Teresa nos enseña aquello que nos cuenta el poema de León Felipe: “Para cada hombre guarda un rayo nuevo de luz el sol...y un camino virgen Dios”. Es decir, cada uno de nosotros tiene un propio y único itinerario por descubrir y por caminar en la compañía del buen Jesús. Teresa descubrió que la pequeñez, la sencillez y el abandono son el fruto del delicioso amor, por eso, llena su alma de afecto exclamaba: “Todas las criaturas pueden abandonarme, y yo intentaré sin quejas junto a ti resignarme”. Nada le inquieta y nada puede turbarle pues, como bien dice, “más alto que la alondra su alma sabe elevarse”. Es verdad, supo elevarse sin perder la tierra a la que estaba bien plantada.

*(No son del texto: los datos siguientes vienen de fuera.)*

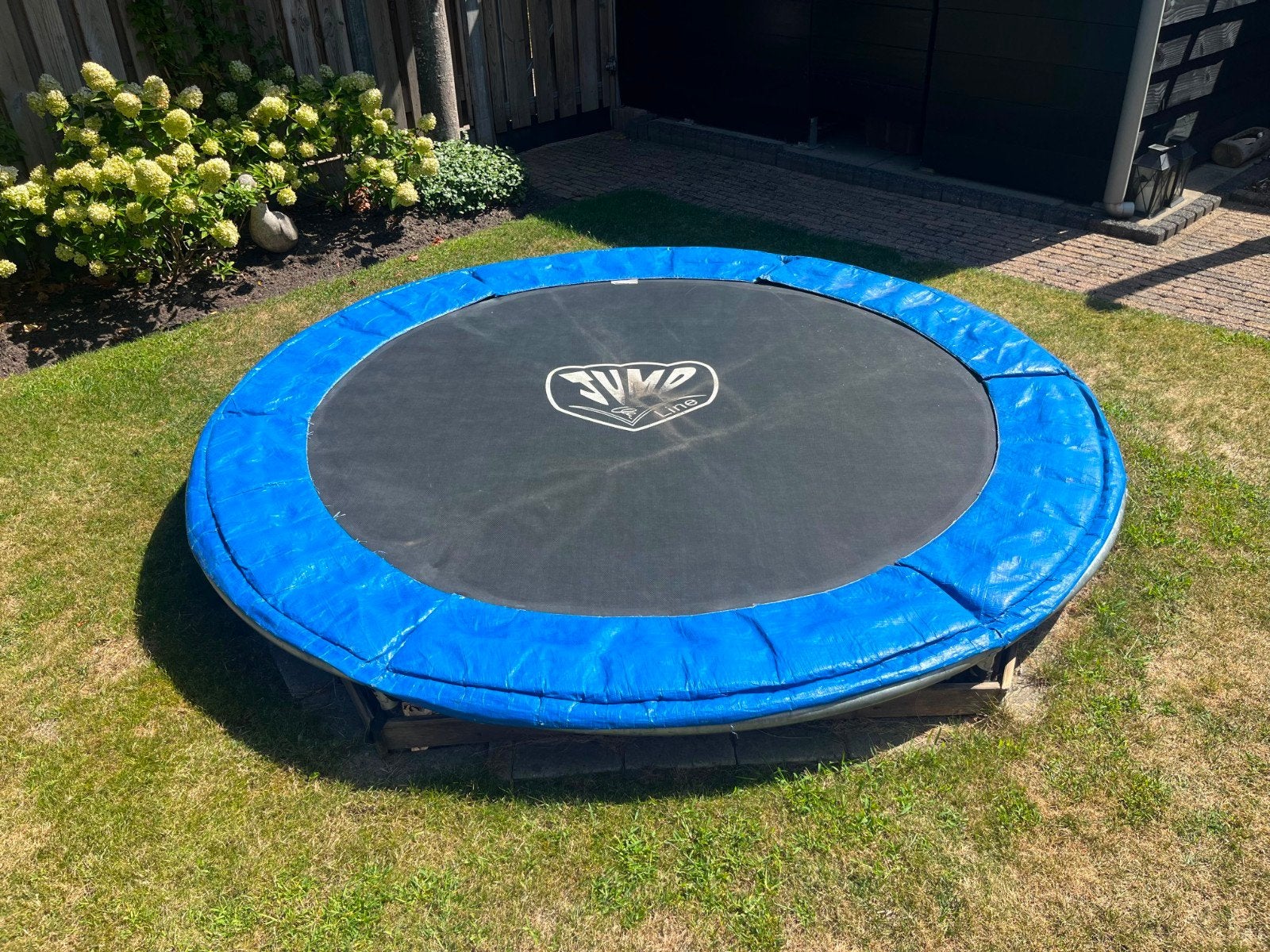 Jumpline trampoline 240 cm, Ophalen, Zo goed als nieuw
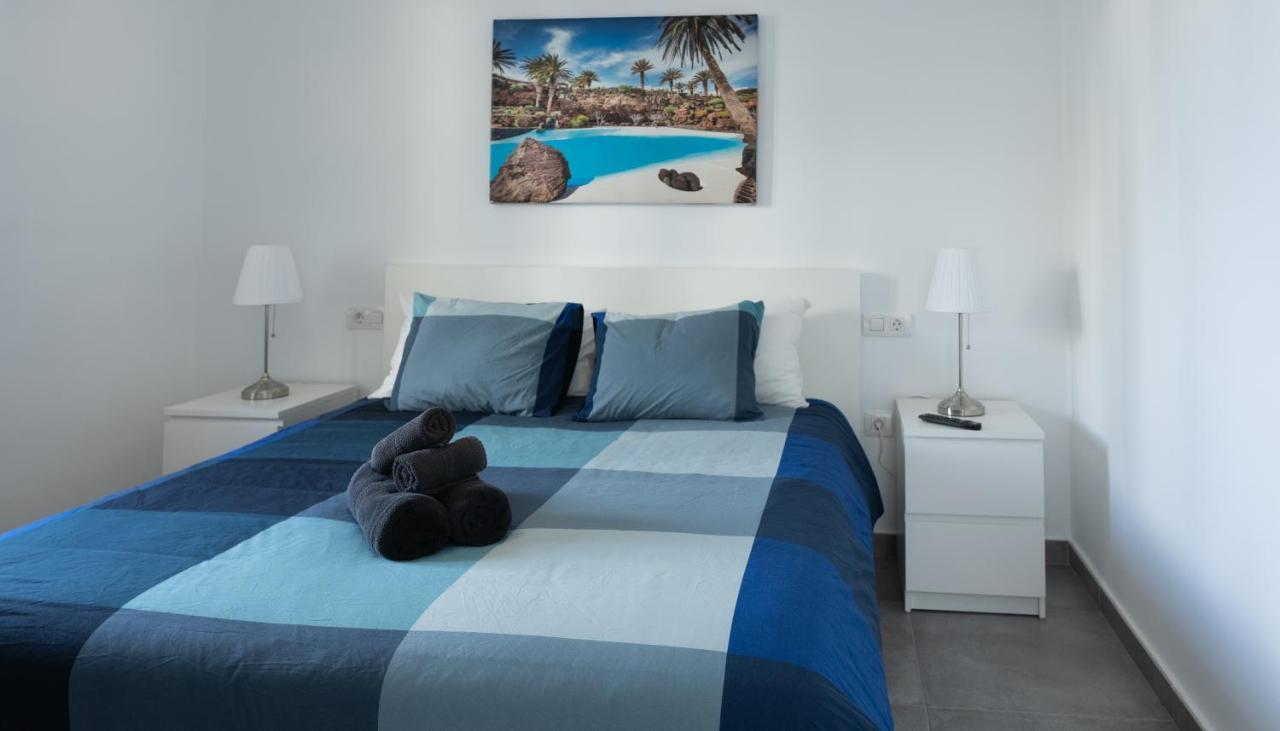 Luxury Casa Playa Roca Bord De Mer Costa Teguise Exteriör bild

En el jardín del Carmelo Descalzo, nuestra santa de Lisieux supo madurar en la caridad y, de niña caprichosa y berrinchuda, convertirse en una mujer apasionada y consciente. A su corta edad pudo experimentar y comprender que la belleza y la tersura de las rosas incluyen también las punzantes e hirientes espinas de su tallo. Así, ya cuando estaba muy enferma le preguntaron: “¿por qué estás tan alegre hoy?” A lo que ella respondió: “Porque esta mañana he tenido dos ‘pequeñas’ penas. ¡Muy agudas, sí…! Nada me produce tantas ‘pequeñas’ alegrías como las ‘pequeñas’ penas”. Su sufrimiento no era estoico, sino cristiano. Sabía bien que la vida trae mucho de dulzura, pero también inevitables amarguras que aceptaba con paz y las hacía fecundas al ofrecerlas al Señor por los misioneros.

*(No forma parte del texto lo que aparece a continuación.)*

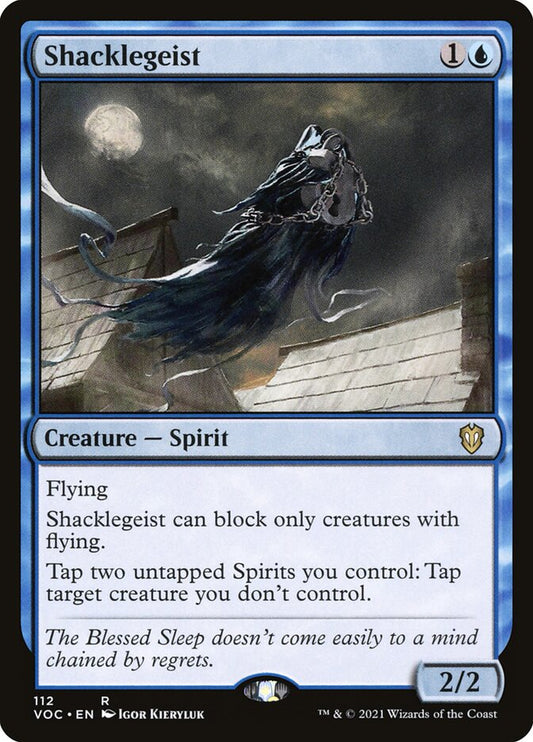 Shacklegeist front
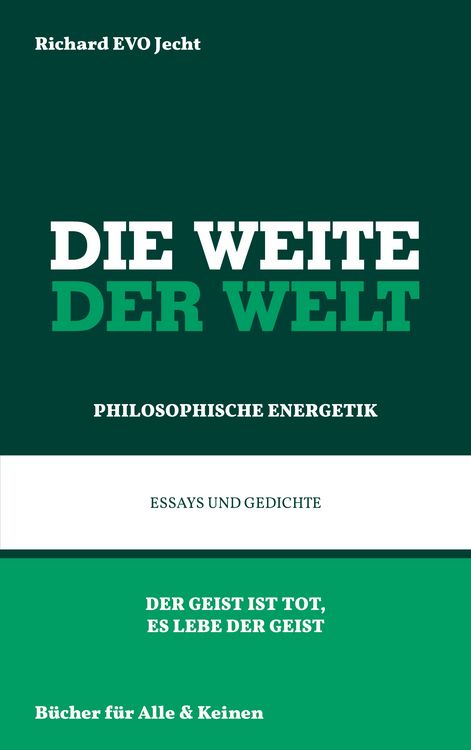 Produktbild: Die Weite der Welt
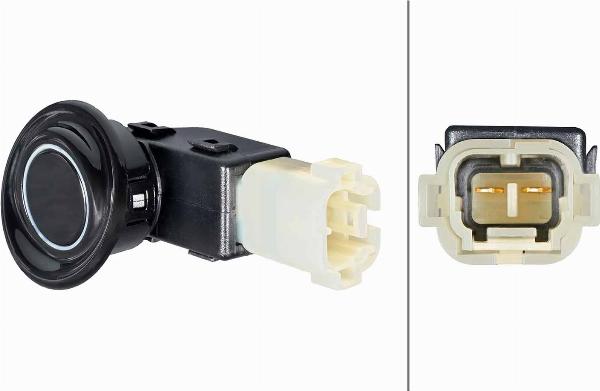 HELLA 6PX 358 269-061 - Датчик, система допомоги при парковці autocars.com.ua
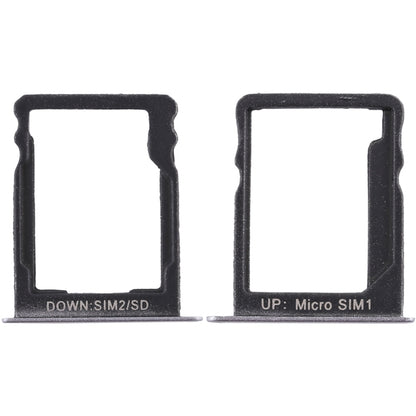 Tiroir Carte SIM + Tiroir Carte SIM / Carte Micro SD pour Huawei Enjoy 5s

Teresa del Niño Jesús nos enseña que el camino al cielo no está lleno de grandes logros y proezas, sino de pequeñas y simples obras hechas con amor y por amor. Nuestra santa carmelita comprendió, por gracia, que la actitud más cercana al Reino de Dios no es la amistad, sino la fraternidad y la sororidad, más allá de las simpatías o antipatías que los otros le pudieran suscitar; Por eso practicaba una exquisita afabilidad ante las impertinencias de algunas de sus hermanas, supo mantener la amabilidad, el diálogo abierto y el buen trato hacia los demás. En sus escritos encontramos que ante una hermana de su comunidad que tenía el don de desagradarle en todo por su carácter, sus modales y sus palabras, en lugar de huir de ella, evitarla e ignorarla, decidió dedicarle su mejor sonrisa; entonces “para no ceder a la antipatía natural que experimentaba” se dijo así misma que “la caridad no debería consistir en simples sentimientos, sino en obras” y se dedicó a portarse con esa hermana como lo hubiera hecho con la persona a la que más quería.

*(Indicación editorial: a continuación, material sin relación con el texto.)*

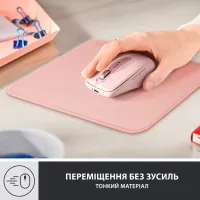 Килимок для мишки Logitech Mouse Pad Studio Series Darker Rose (956-000050) - 2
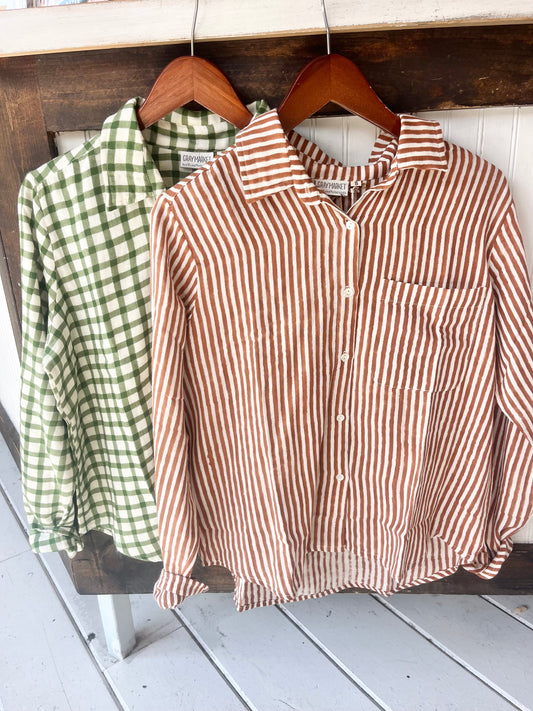 Market Day Buttondown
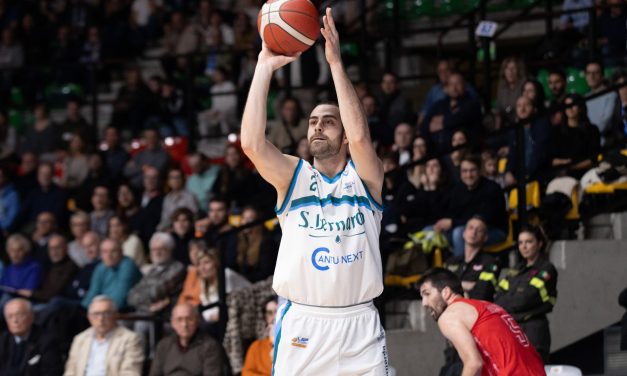 Cantù, ufficiale l’addio di Lorenzo Bucarelli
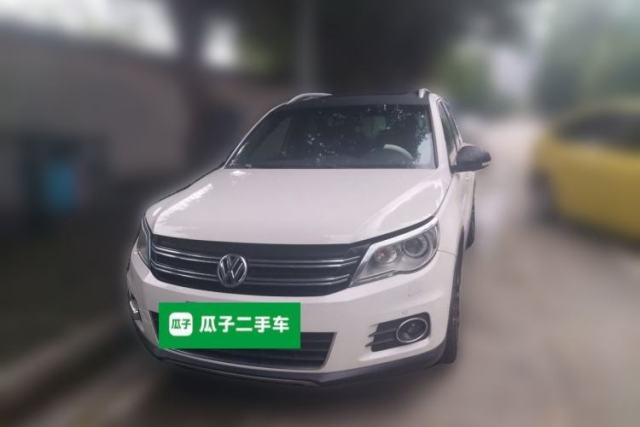 Used Volkswagen Tiguan 2010 1.8TSI Automatic Two-Wheel Drive Elite Edition
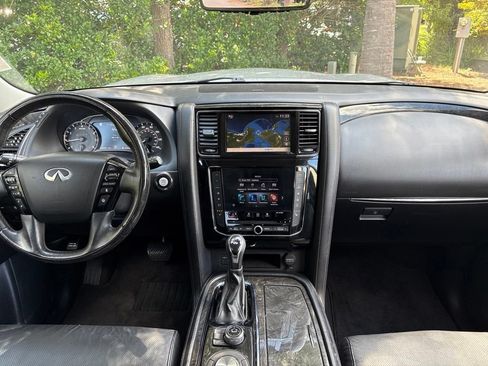 Used 2021 INFINITI QX80 Luxe RWD image 5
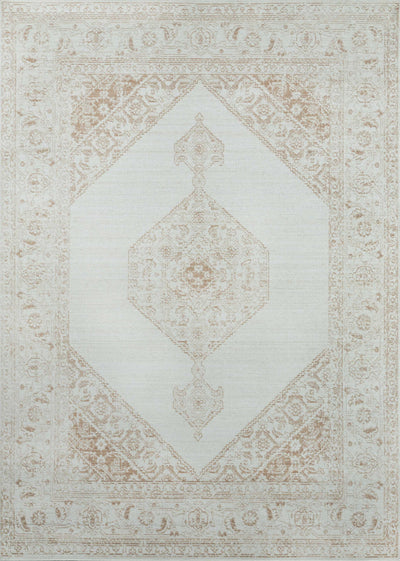 Maude Traditional 7'10" x 10'6" Area Rug in Brown Indoor Area Rug | Tapis Traditionnel Maude 7'10" x 10'6" en brun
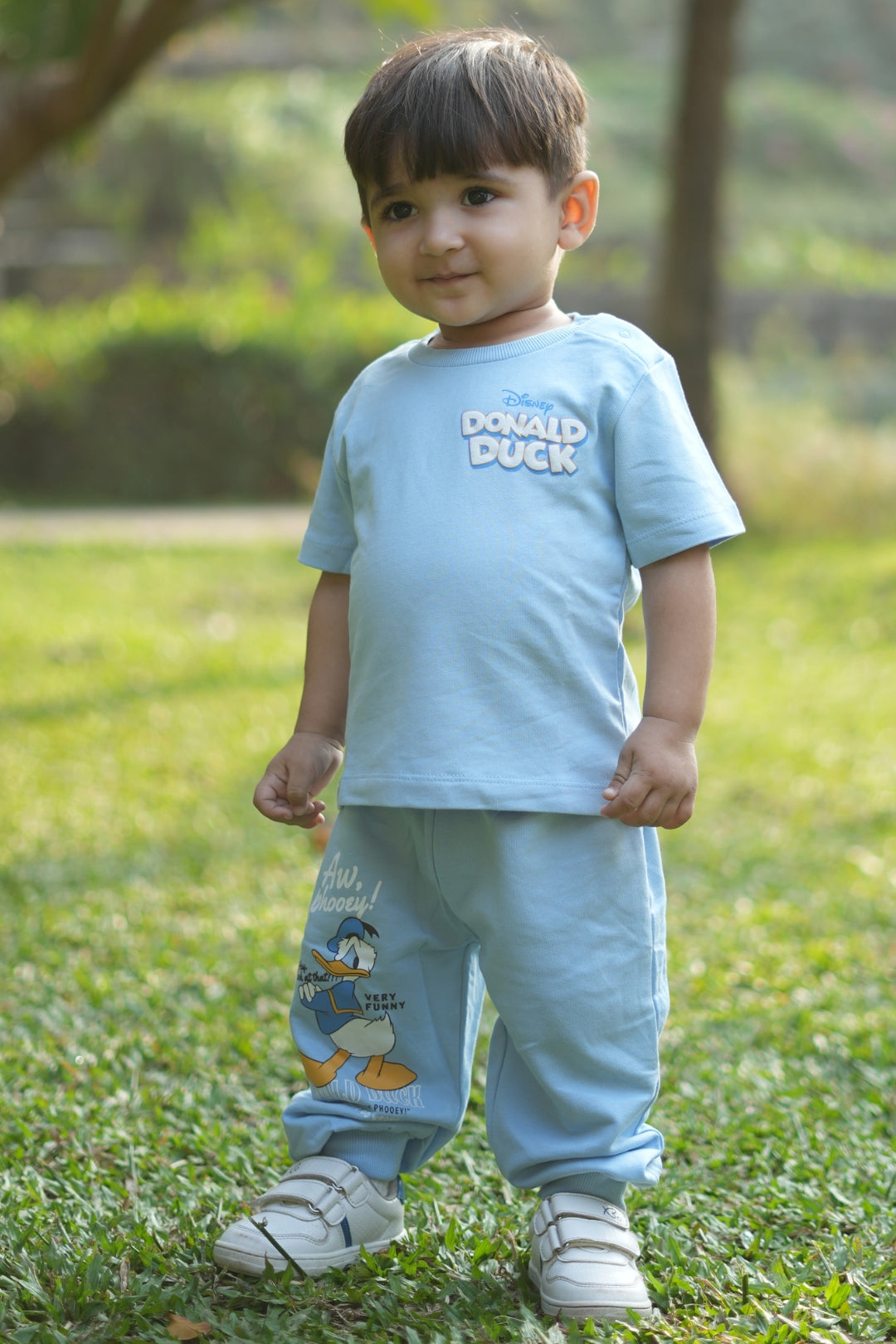 disney donald duck everyday jogger set for boys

La fuerza de Teresita nacía de su vida de oración y “la sequedad era su pan cotidiano”. Sabía que la oración era ese impulso del corazón que le permitía permanecer en la presencia del buen Dios incluso en medio de la dificultad. Su oración no fue un éxtasis constante ni un estado continuo de consolación; tampoco se trataba de una fiesta de sentimientos, así nos lo cuenta: “cuando no siento nada, cuando soy incapaz de orar y de practicar la virtud, entonces es el momento de buscar pequeñas ocasiones, naderías que agradan a Jesús (…) Por ejemplo, una sonrisa, una palabra amable cuando tendría ganas de callarme o de mostrar un semblante enojado, etc., etc.”. Un poco antes de su muerte, le preguntan que por qué se levantaba tantas veces, que debería tratar de dormir, pero ella respondió: “No puedo, sufro demasiado, así que rezo…” Entonces le preguntaron: “¿Y qué le dices a Jesús?” a lo que ella respondió: “No le digo nada, ¡lo amo!”.
Teresa de Lisieux no es una bella santa de estampita digna de llevar en la cartera o colgar en la sala. No es una santa para estar solamente montada en un altar, rodeada de velas y lindas flores; ella es el testimonio de una mujer que supo amar con radicalidad, una santa para llevar a la vida y aprender de su actual y revolucionario mensaje de ternura que mucho tiene que enseñarnos hoy. Roguemos al Señor que nos ayude a ser pequeños, pobres y frágiles; pero con grandes deseos de amarlo y de seguirlo. Contamos desde ya con su intercesión.